-- Exercise goal --
Could you set down the lines from the first line of the entries below through the line with "Image of BRKURLEG", exactly and with no pictures?

-- Data for the task --

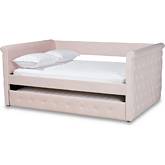 Amaya Full Daybed with Trundle in Tufted Light Pink Velvet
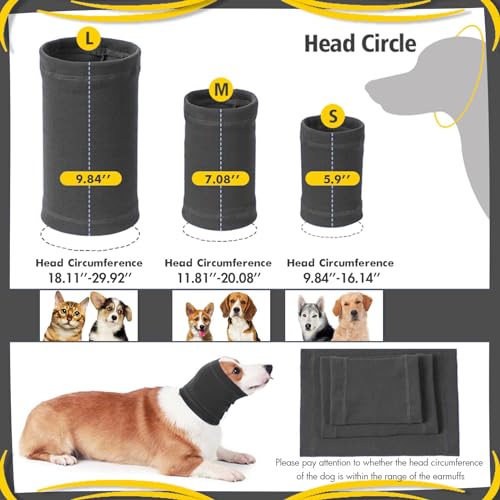 Image of BRKURLEG Dog Calming Hoodie, Dog Ear Muffs for Noise Protection, Pet Anxiety Relief Head Cover and Ears Protector, Dogs Ear Wrap for Grooming Bath and Drying, Grey,L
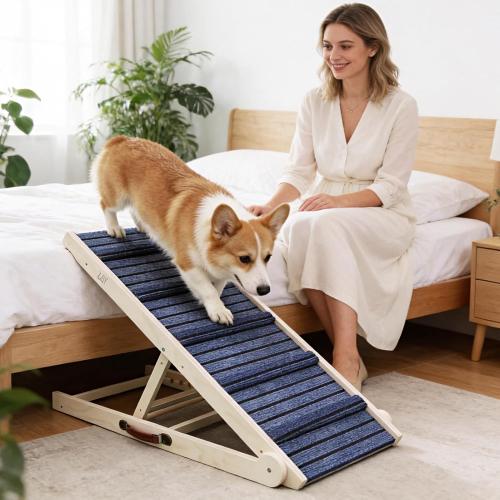 ZJSF Foldable Dog Ramp for High Bed, Wooden Dog Stairs to Bed for Small and Large Dogs, High Traction Platform with 6 Adjustable Heights (12.2-26), 40 L, Supports up to 180 lbs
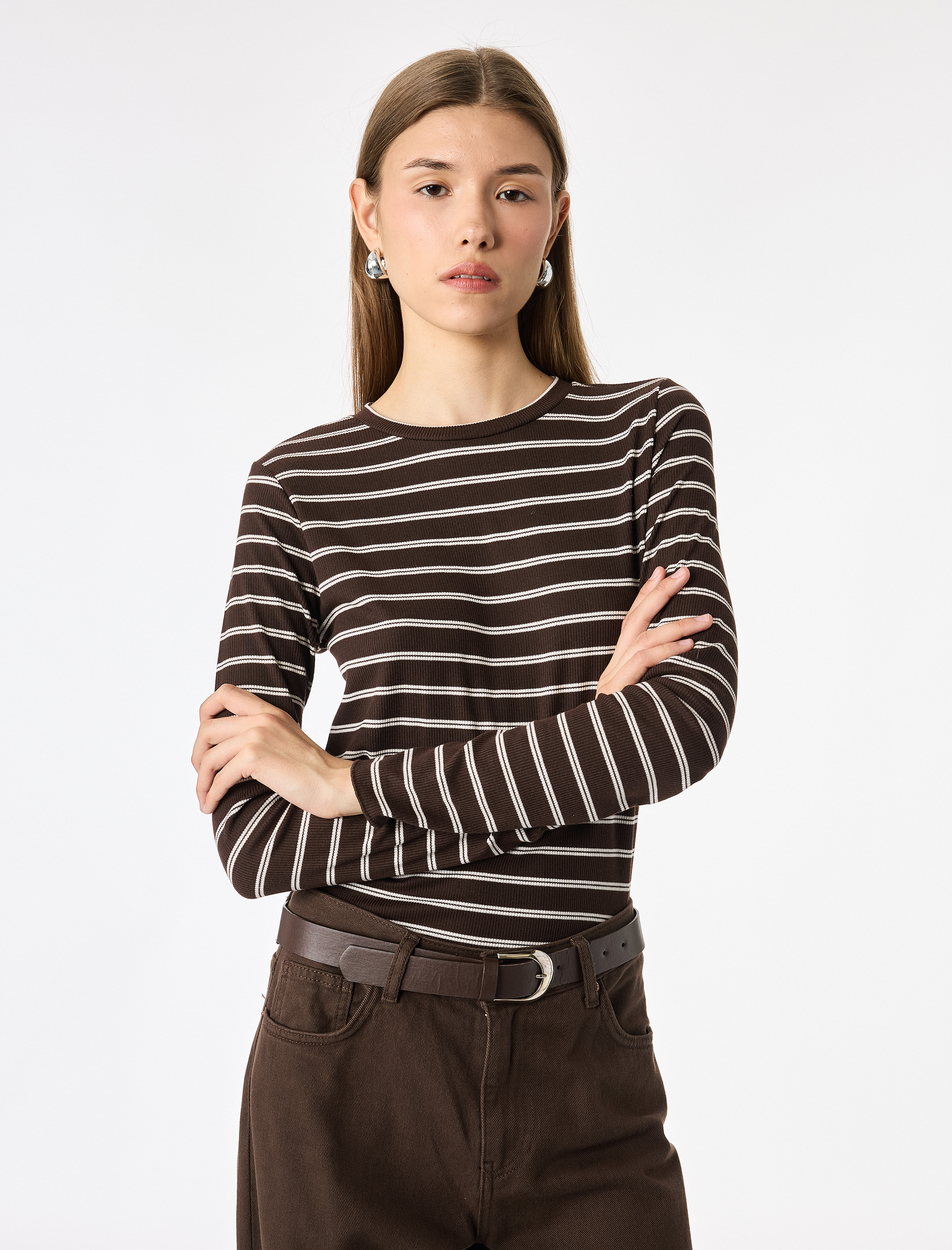   Slim Fit Bisiklet Yaka Uzun Kollu Çizgili Tişört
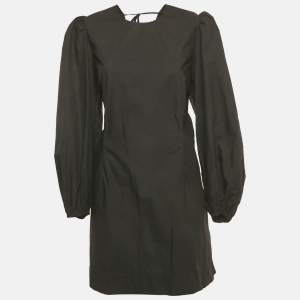 Pre Owned Ganni Black Poplin Back Open Mini Dress XL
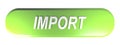 Green rounded rectangle push button IMPORT - 3D rendering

-- Reply to the task --
 Amaya Full Daybed with Trundle in Tufted Light Pink Velvet
 Image of BRKURLEG Dog Calming Hoodie, Dog Ear Muffs for Noise Protection, Pet Anxiety Relief Head Cover and Ears Protector, Dogs Ear Wrap for Grooming Bath and Drying, Grey,L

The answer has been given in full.